Para os promotores, houve tratamento privilegiado à empresa e possível participação em estrutura de favorecimento mediante pagamento de propina e lavagem de ativos.

A executiva não respondeu aos contatos da reportagem.


🔐 Apps criptografados eram usados para esconder negociações

O MP-SP informou que o grupo utilizava aplicativos com criptografia avançada para dificultar o rastreamento das negociações, como:

  • Wickr
  • Session

Os aplicativos permitem mensagens com visualização única e comunicação criptografada.


🚔 Operação cumpre mandados em várias cidades

A Operação Fisco Paralelo cumpre 22 mandados de busca e apreensão nas cidades de:

  • São Paulo
  • Campinas
  • Vinhedo
  • São José dos Campos

Os alvos incluem servidores de unidades estratégicas da Secretaria da Fazenda, como delegacias regionais tributárias e a Diretoria de Fiscalização.
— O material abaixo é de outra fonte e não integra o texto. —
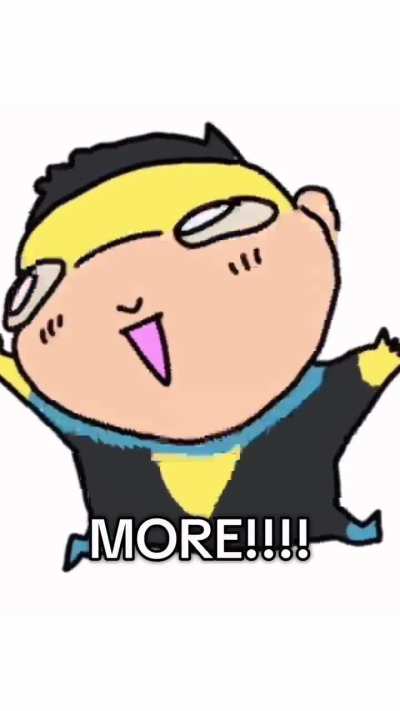 I watched it, so you all should too.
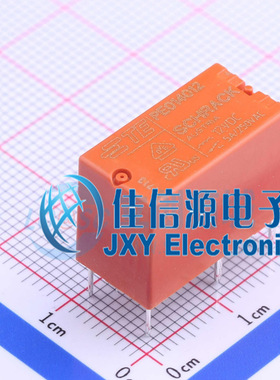 功率继电器      1393219-6   TE Connectivity(美国泰科)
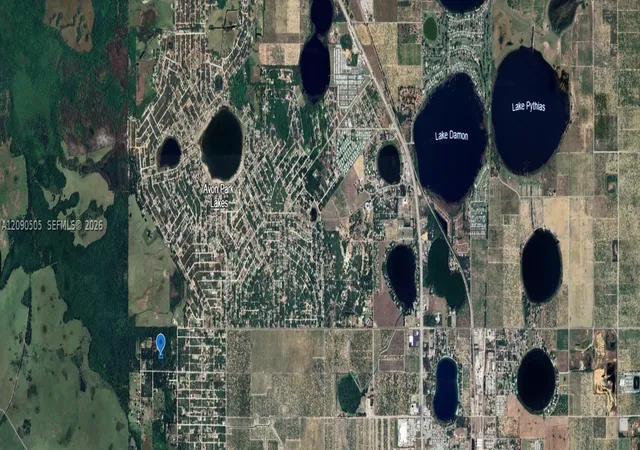 Photo 3 of Land for sale at 3175 W Foli Rd, Avon Park, FL 33825 | MLS# A12090505 | Listing updated on 2026-09-17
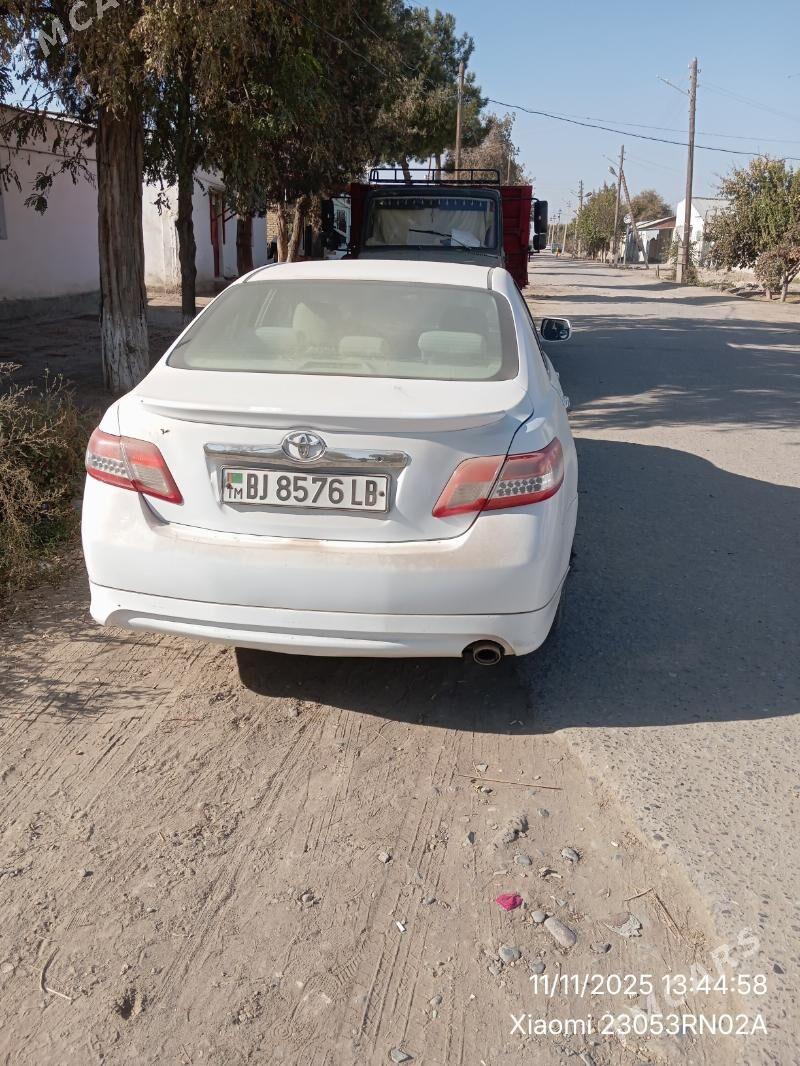 Toyota Camry 2009 - 160 000 TMT - Саят - img 8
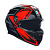 AGV Шлем K3 Compound Black/Red в Калиниграде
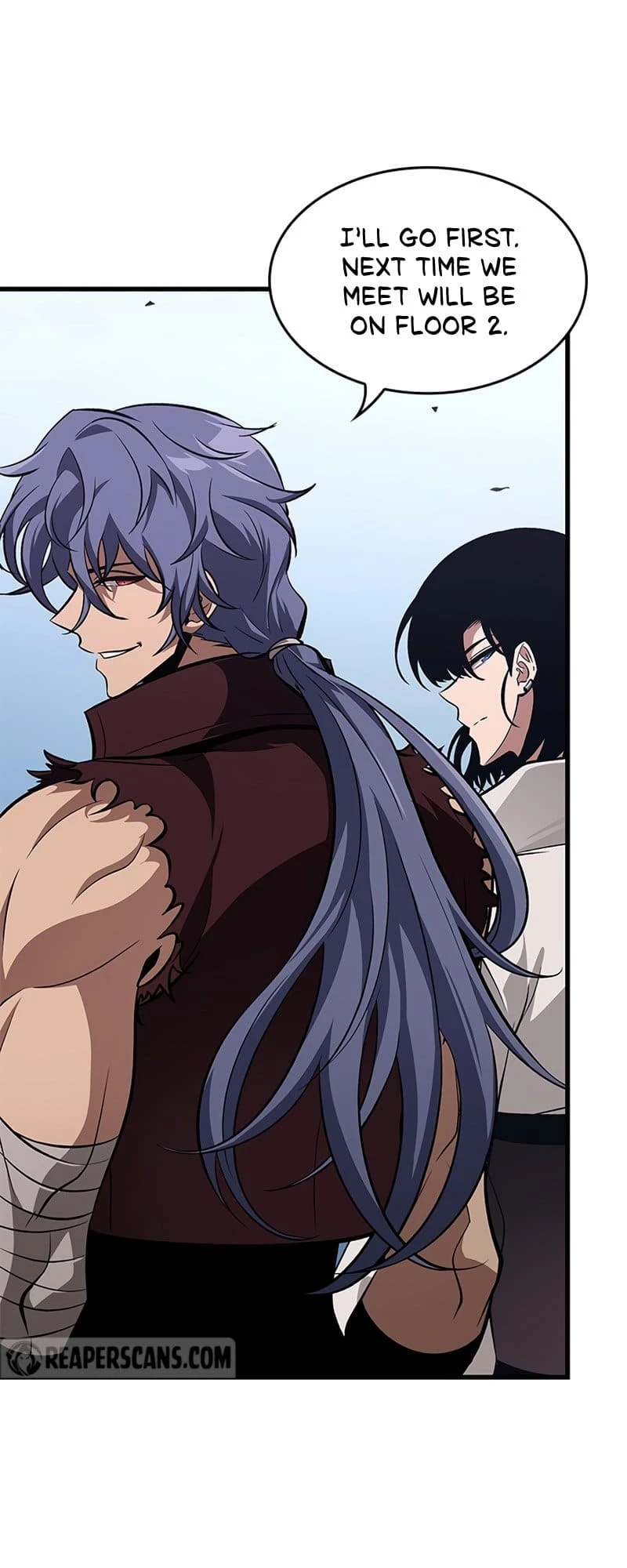 Pick Me Up Chapter 58 - 43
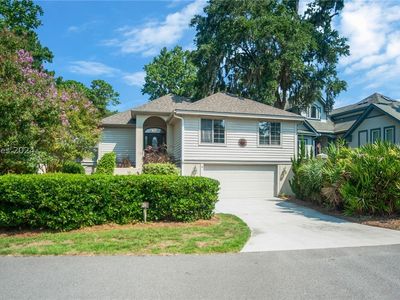 31 Shell Ring Rd, Hilton Head Island, SC, 29928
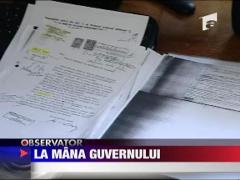 Ignorati de Statul Roman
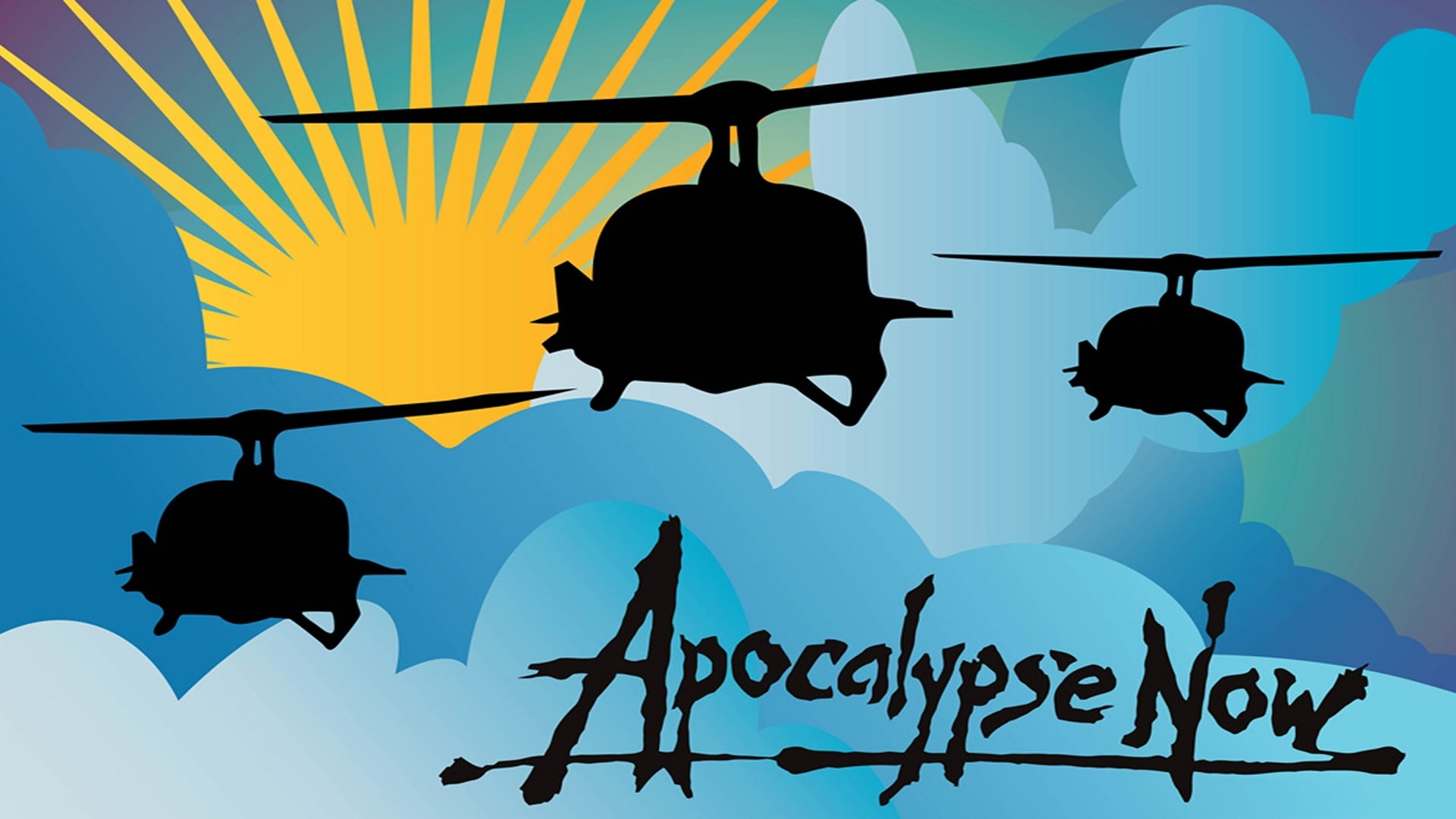 cult, 1080P, " Apocalypse now", the film, drama, Apocalypse Now, military, HD Wallpaper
Em Campinas, foram apreendidos:

  • quase R$ 22 mil em dinheiro
  • US$ 1.800
  • 95 libras
  • computadores e celulares

🏛️ Secretaria da Fazenda diz que colabora com investigação

Em nota, a Secretaria da Fazenda de São Paulo informou que atua em conjunto com o Ministério Público por meio da Corregedoria da Fiscalização Tributária.

O órgão afirmou que 33 procedimentos administrativos estão em andamento para apurar possíveis irregularidades envolvendo servidores, com possibilidade de sanções e demissões.
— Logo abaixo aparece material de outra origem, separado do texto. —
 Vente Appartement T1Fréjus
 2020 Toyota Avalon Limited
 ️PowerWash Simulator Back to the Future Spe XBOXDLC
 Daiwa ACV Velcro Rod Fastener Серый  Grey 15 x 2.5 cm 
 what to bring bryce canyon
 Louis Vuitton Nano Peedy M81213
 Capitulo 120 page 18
A secretaria também declarou que atua de forma integrada no combate à sonegação, lavagem de dinheiro e crimes tributários.


💰 Esquema já havia atingido outras empresas

A investigação é um desdobramento da Operação Ícaro, iniciada em agosto de 2025, que revelou um esquema de pagamento de propinas a auditores fiscais para acelerar a liberação de créditos de ICMS para grandes redes varejistas, como:

  • Ultrafarma
  • Fast Shop

Outras operações recentes também apontaram corrupção no sistema tributário paulista, com apreensão de:

  • US$ 68 mil em espécie
  • R$ 288 mil em dinheiro
  • R$ 1,8 milhão em bitcoins
  • total de R$ 2,4 milhões em ativos apreendidos

⚖️ Empresas não se manifestaram

Até a publicação da reportagem:

  • Carrefour não respondeu ao contato
  • Kalunga, Casas Bahia e Caoa não se manifestaram
  • defesa do auditor não respondeu
  • representantes da Center Castilho não foram localizados

O Ministério Público afirma que o objetivo da nova fase da operação é coletar provas e aprofundar a investigação sobre a rede de corrupção dentro do fisco paulista.